══ Data shown ══

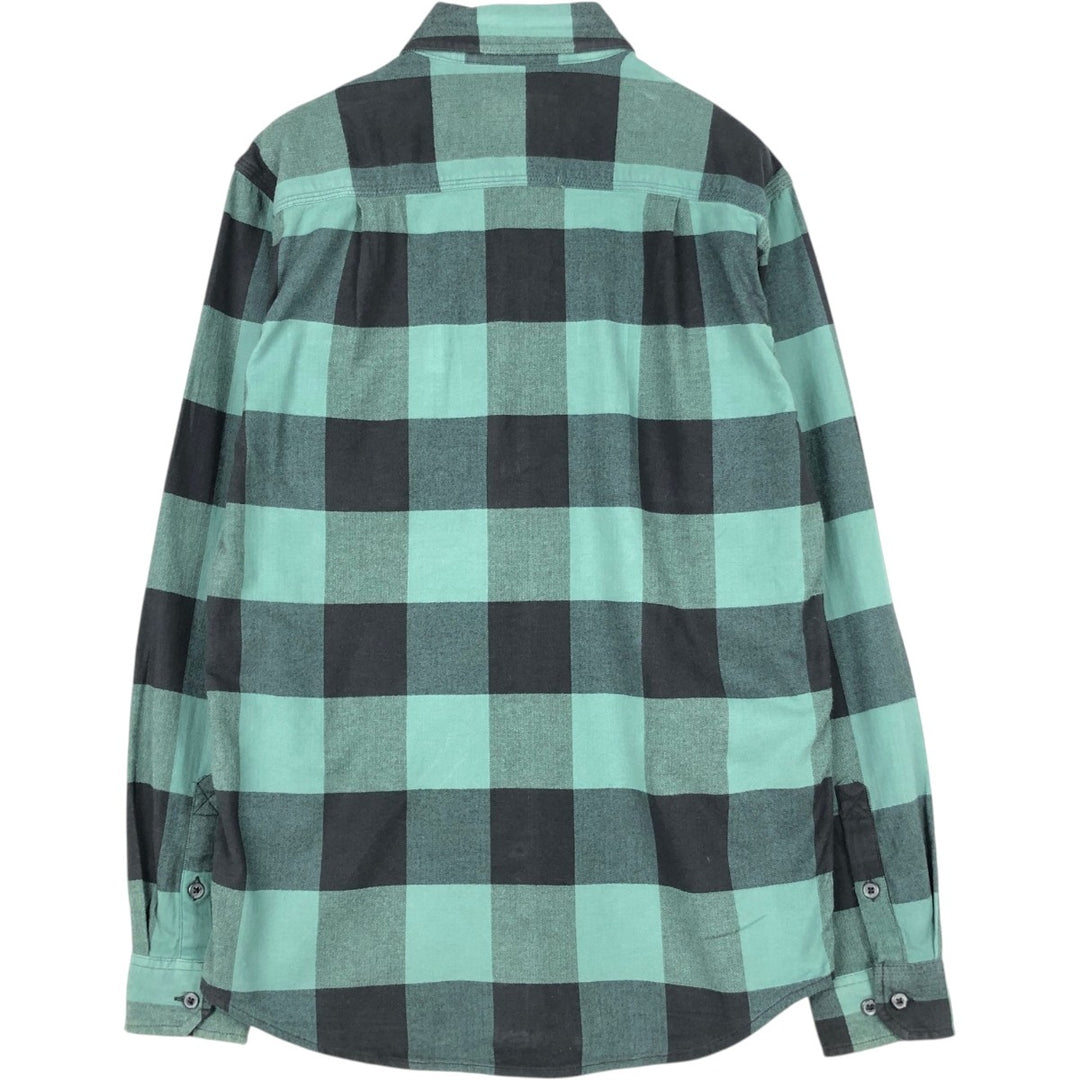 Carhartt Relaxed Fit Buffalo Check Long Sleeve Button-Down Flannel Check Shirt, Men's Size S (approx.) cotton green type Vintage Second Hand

═══
══ Data shown ══

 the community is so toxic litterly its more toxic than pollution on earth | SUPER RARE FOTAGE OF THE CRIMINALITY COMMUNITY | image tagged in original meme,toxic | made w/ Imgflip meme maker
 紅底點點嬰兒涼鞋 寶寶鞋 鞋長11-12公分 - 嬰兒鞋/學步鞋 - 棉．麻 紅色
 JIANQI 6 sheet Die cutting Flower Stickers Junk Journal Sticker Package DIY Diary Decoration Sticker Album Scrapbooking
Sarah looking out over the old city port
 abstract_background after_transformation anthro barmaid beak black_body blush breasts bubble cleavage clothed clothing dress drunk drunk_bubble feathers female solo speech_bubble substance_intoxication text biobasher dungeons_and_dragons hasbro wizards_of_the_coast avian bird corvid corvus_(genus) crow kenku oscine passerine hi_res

═══
══ Data shown ══

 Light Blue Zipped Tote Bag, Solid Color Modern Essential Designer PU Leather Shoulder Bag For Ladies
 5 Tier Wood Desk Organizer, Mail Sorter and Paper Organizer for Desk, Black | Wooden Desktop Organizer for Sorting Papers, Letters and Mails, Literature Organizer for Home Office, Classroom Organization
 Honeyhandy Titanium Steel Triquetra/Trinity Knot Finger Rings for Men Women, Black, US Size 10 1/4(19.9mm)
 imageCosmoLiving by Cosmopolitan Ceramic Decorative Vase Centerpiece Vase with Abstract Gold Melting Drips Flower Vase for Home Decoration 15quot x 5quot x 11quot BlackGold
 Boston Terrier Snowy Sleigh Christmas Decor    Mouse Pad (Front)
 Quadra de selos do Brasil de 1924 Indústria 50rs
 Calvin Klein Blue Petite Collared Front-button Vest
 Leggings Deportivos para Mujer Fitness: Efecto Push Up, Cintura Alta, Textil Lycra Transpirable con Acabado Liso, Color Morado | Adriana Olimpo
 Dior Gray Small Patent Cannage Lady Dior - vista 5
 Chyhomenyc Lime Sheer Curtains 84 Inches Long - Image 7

═══

Everything above from the line containing "imageCosmoLiving by Cosmopolitan" through the line containing "Chyhomenyc Lime Sheer" must be copied exactly. Nothing outside that range belongs in the answer.

Answer =>
 imageCosmoLiving by Cosmopolitan Ceramic Decorative Vase Centerpiece Vase with Abstract Gold Melting Drips Flower Vase for Home Decoration 15quot x 5quot x 11quot BlackGold
 Boston Terrier Snowy Sleigh Christmas Decor    Mouse Pad (Front)
 Quadra de selos do Brasil de 1924 Indústria 50rs
 Calvin Klein Blue Petite Collared Front-button Vest
 Leggings Deportivos para Mujer Fitness: Efecto Push Up, Cintura Alta, Textil Lycra Transpirable con Acabado Liso, Color Morado | Adriana Olimpo
 Dior Gray Small Patent Cannage Lady Dior - vista 5
 Chyhomenyc Lime Sheer Curtains 84 Inches Long - Image 7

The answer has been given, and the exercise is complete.